What the exercise asks:
Your task is to transcribe each record exactly and to omit every image.

::::::

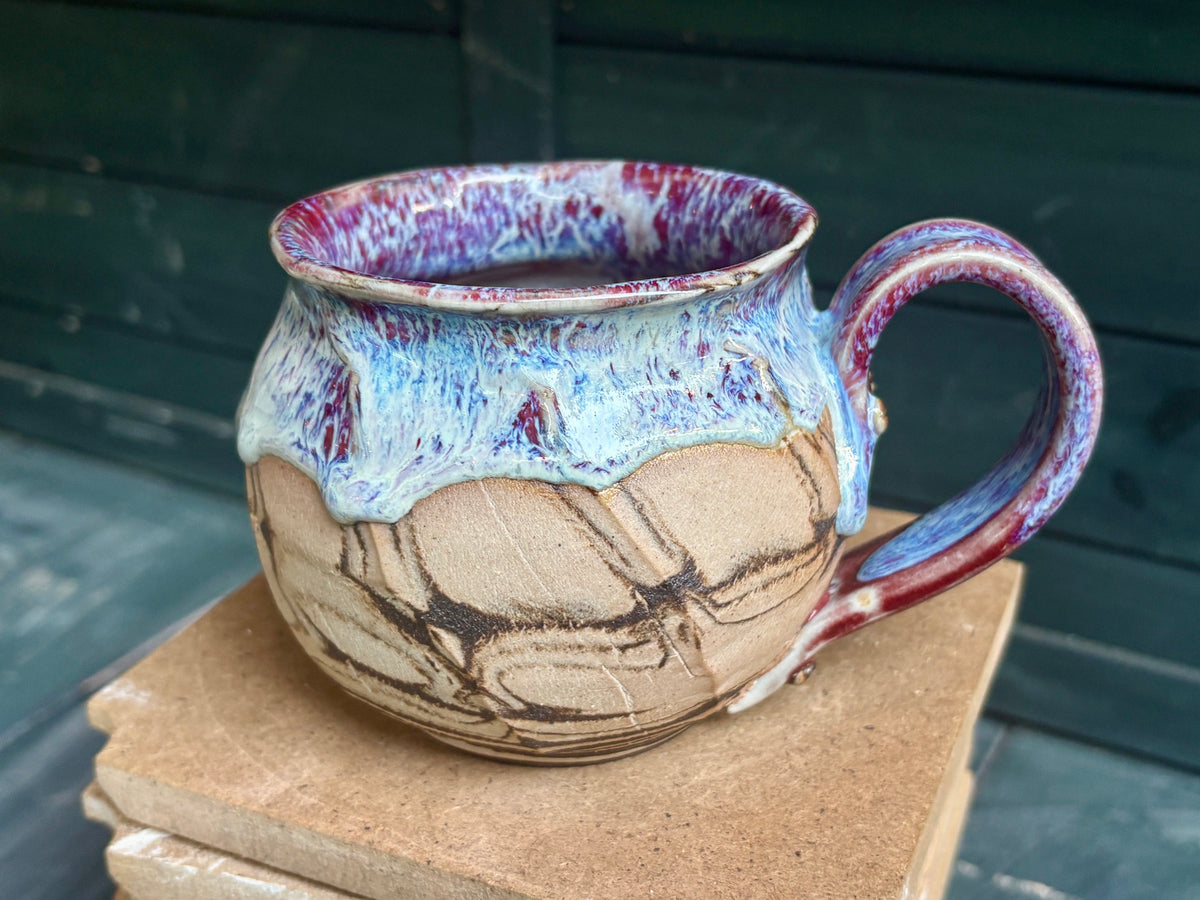 Sandy Dunes - 14oz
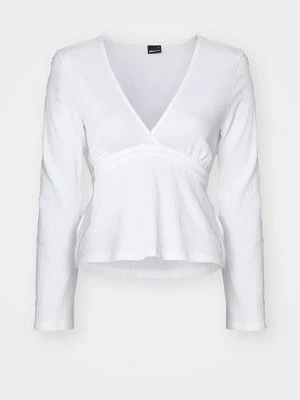 Bluzka Gina Tricot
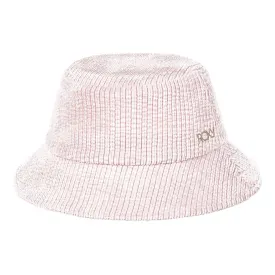 roxy-chapeau-feeling-good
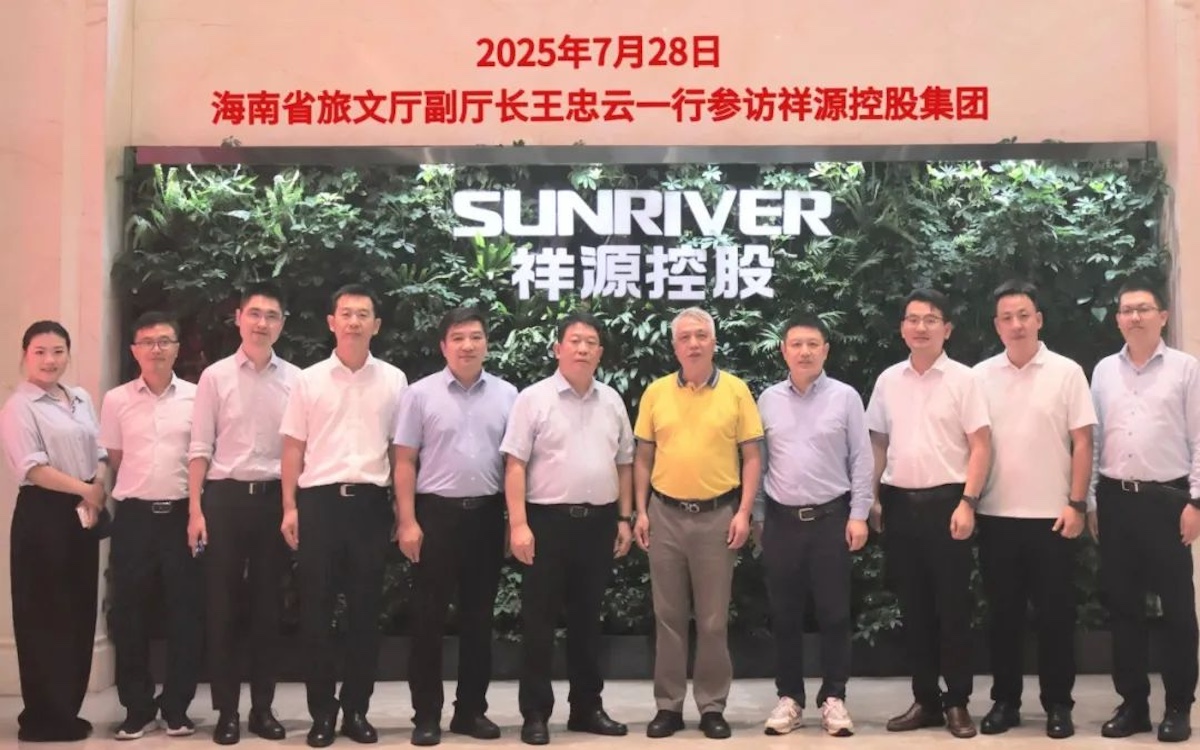 大奖国际18dj18(中国游)官方网站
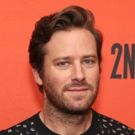 Armie Hammer Talks STRAIGHT WHITE MEN, Toxic Masculinity, and Making His Broadway…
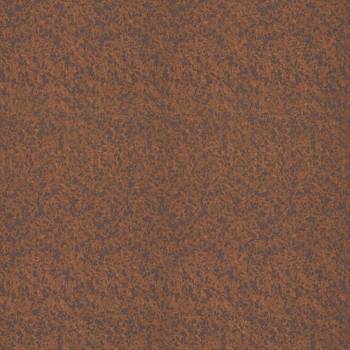 картинка Metallo 332653 магазин Ткани мира являющийся официальным дистрибьютором в России  Metallo 332653 от магазина Ткани мира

::::::

Task response:
 Sandy Dunes - 14oz
 Bluzka Gina Tricot
 roxy-chapeau-feeling-good
 大奖国际18dj18(中国游)官方网站
 Armie Hammer Talks STRAIGHT WHITE MEN, Toxic Masculinity, and Making His Broadway…
 картинка Metallo 332653 магазин Ткани мира являющийся официальным дистрибьютором в России  Metallo 332653 от магазина Ткани мира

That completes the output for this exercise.